Structure of the sample files

The tarball contains four samples. The samples only show the parsing case, the formatting is described later in this text.

Input file Data class Syntax definition Example file (Main class) Illustrates,…
names.txt Human.java in code ReflectionExample.java how to parse a csv file without a header and store its content in a list of beans.
names.txt Person.java in code BeanExample.java as the reflection example but with generic beans.
painters.txt People.java people.sdf FileExample.java how to use a syntax definition from a file for parsing a csv-file with a header.
capitals.txt in code in code PropertiesExample.java how to read a properties file and store it a Hashtable, that is the same as the Properties#load method does.

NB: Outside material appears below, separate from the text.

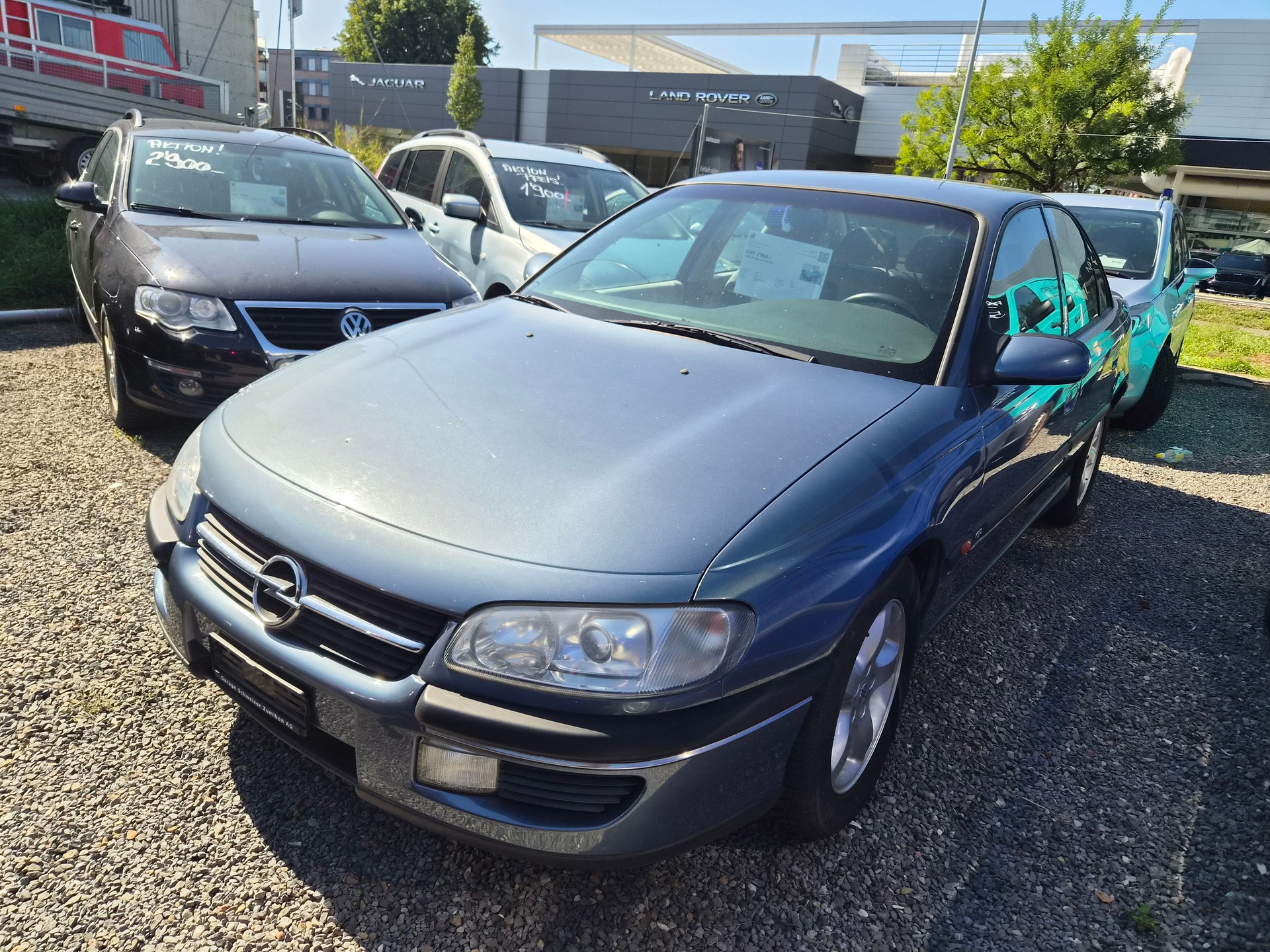 OPEL Omega 2.0i 16V CD-showroom-element-2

Input file	Data class	Syntax definition	Example file (Main class)	Illustrates,…
names.txt	Human.java	in code	ReflectionExample.java	how to parse a csv file without a header and store its content in a list of beans.
names.txt	Person.java	in code	BeanExample.java	as the reflection example but with generic beans.
painters.txt	People.java	people.sdf	FileExample.java	how to use a syntax definition from a file for parsing a csv-file with a header.
capitals.txt	in code	in code	PropertiesExample.java	how to read a properties file and store it a Hashtable, that is the same as the Properties#load method does.

Examples step by step

csv files without header

A typical case to use the japaki library is a csv file. The sample csv file "names.txt" looks as follows:


Frederic;Chopin;1810;
Giuseppe;Verdi;1813;
Wolfgang Amadeus;Mozart;1756;
Franz;Liszt;1711;

This csv file contains four records (lines) of person data. Of each person three attributes are given:

the first name,
the last name and
the year of birth.

How is this represented in Java? The data of a person are united in a Java bean like this


public class Human{

    private String firstname;
    private String lastname;
    private Integer birthYear;
…

So the task is to store the data from the csv file into objects of type “Human”, because we have got four of them we use a list of type ArrayList<Human>.
Then japaki comes into play; the following steps have to be performed:

Declare the syntax of the input file. One record is declared like this: "<firstname>;<lastname>;<birthYear>;\n", where
1. <firstname> is a tag that tells japaki to store the content from the csv file in the property “firstname”.
2. The semicolon “;” is expected to be in the input file exactly this way.
3. The “\n” denotes a line break. In the example it is part of the source code, therefore it has to be escaped to “\\n”.
Create an instance of parser bench.
Tell the bench, what a human is. This consists of three things
1. A string to refer to this declaration later, “human” in this case.
2. A class definition (Human.class)to tell the bench, where to store the parsing results. The bench already assumes that there is more than one record file so the list can be omitted.
3. The syntax definition from above – also for the record, not for the list.
Start parsing with the following parameters
1. The string declared above (“human”).
2. The name of the input file.
3. An instance of a list of the bean class.

So this sums up to the following code fragment:


ParserBench bench = new ParserBench();
bench.add("human", Human.class, "<firstname>;<lastname>;<birthYear>;\\n");
ArrayList list = new ArrayList();
bench.parse("human", "names.txt", list);

The complete class can be found in ReflectionExample.java. It is called this way because the toolkit uses reflection to store the data in the beans.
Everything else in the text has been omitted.